Posted On 31 May 2023
Venetia Hillary

Big data is a game-changer in the world of business. It provides powerful insights into customer behavior, market trends, and business performance, among other things. However, many companies, particularly small businesses, don’t have the analytics resources to take full advantage of this. Only 4 in 10 companies use big data analytics, indicating that more businesses need to find ways to tap into its power without breaking the bank.

The good news is that there are several steps you can take to identify and use in-house big data sources with limited analytics resources. This article will show you how to obtain data without costly investments and how to maintain privacy while doing so. But first, let’s explore why small business owners should use data in the first place.

Why should small business owners use data?

Analysing data has several benefits for small businesses. Here are the most important ones:

  • Improve customer satisfaction, retention, and loyalty: Tracking customer trends allows you to understand their needs better and provide tailored customer service.

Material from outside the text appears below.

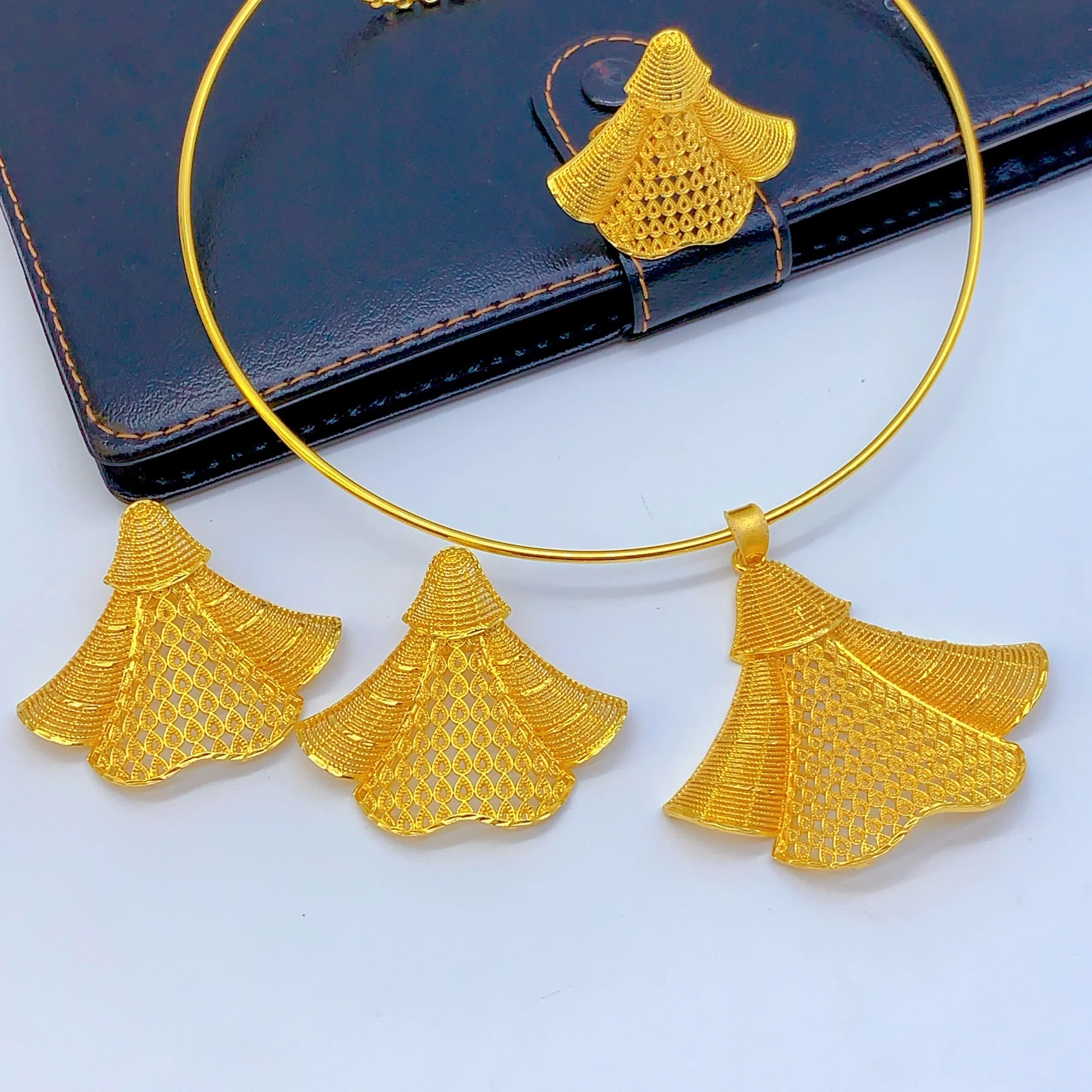 Luxury Indian 24k Gold Color Jewelry Sets For Women Ethiopian Dubai Bridal Necklace And Earrings Set Wedding Party Gifts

This, in turn, can help improve customer satisfaction, retention, and loyalty.
  • Develop and refine products or services: Analysing data helps identify problems within a product or service before they become critical, allowing companies to develop solutions quickly to prevent customer dissatisfaction.
  • Uncover new growth opportunities: Data analysis provides insights into customers’ buying habits and preferences, enabling businesses to identify new growth opportunities.
  • Enhance efficiency: By streamlining processes and optimising resources, data analysis helps to make operations more efficient and cost-effective.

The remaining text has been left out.